Search code examples
rubyregexstringstring-matching

regex matching in ruby confusion


Can anyone explain this to me?

str = "org-id:         N/A\n"

puts str[/org-id:\s+(.+)\n/]
=> "org-id:         N/A\n"
str =~ /org-id:\s+(.+)\n/
puts $1
=> "N/A"

All I need is

str =~ /org-id:\s+(.+)\n/
puts $1

in one line. But str[/org-id:\s+(.+)\n/] and str.slice(/org-id:\s+(.+)\n/) return "org-id: N/A\n" and str.scan(/org-id:\s+(.+)\n/).first returns ["N/A"] (and array). Why are all this matchings acting differently?


Solution

  • From the fine manual:

    str[regexp] → new_str or nil
    str[regexp, fixnum] → new_str or nil

    If a Regexp is supplied, the matching portion of str is returned. If a numeric or name parameter follows the regular expression, that component of the MatchData is returned instead.

    So, if you do str[/org-id:\s+(.+)\n/] then you get the entire matching portion (AKA $&); if you want the first capture group (AKA $1), then you could say:

    puts str[/org-id:\s+(.+)\n/, 1]
    # 'N/A'
    

    If you had a second capture group in your regex and you wanted what it captured, you could say str[regex, 2] and so on. You could also use a named capture group and a symbol thusly:

    puts str[/org-id:\s+(?<want>.+)\n/, :want]
    

    So with the right pattern and arguments, String#[] is convenient for pulling a single regex-based chunk out of a string.

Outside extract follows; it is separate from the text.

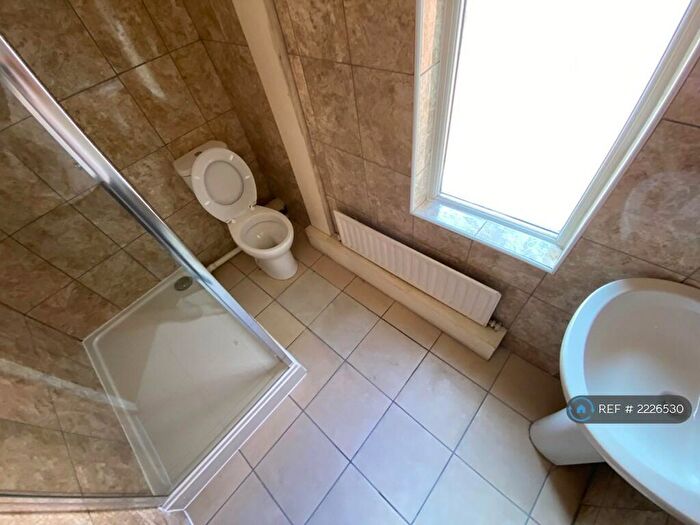 3 Bedroom Semi-Detached House To Rent In Broadlands Road, Southampton, SO17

    If you look at the manual you should notice that String#[] and String#splice are the same thing.


    If we look at String#=~, we see that:

    str =~ obj → fixnum or nil

    Match—If obj is a Regexp, use it as a pattern to match against str, and returns the position the match starts, or nil if there is no match.

    So when you say:

    str =~ /org-id:\s+(.+)\n/
    

    you get 'org-id: N/A' in $&, 'N/A' in $1, and the operator's return value is the number zero; if there was another capture group in your regex, you'd see that part in $2. The "nil or not nil" return value of =~ allows you to say things like:

    make_pancakes_for($1) if(str =~ /some pattern that makes (us) happy/)
    

    So =~ is convenient for combining parsing and boolean tests in one go.


    The String#scan method:

    scan(pattern) → array
    scan(pattern) {|match, ...| block } → str

    Both forms iterate through str, matching the pattern (which may be a Regexp or a String). For each match, a result is generated and either added to the result array or passed to the block. If the pattern contains no groups, each individual result consists of the matched string, $&. If the pattern contains groups, each individual result is itself an array containing one entry per group.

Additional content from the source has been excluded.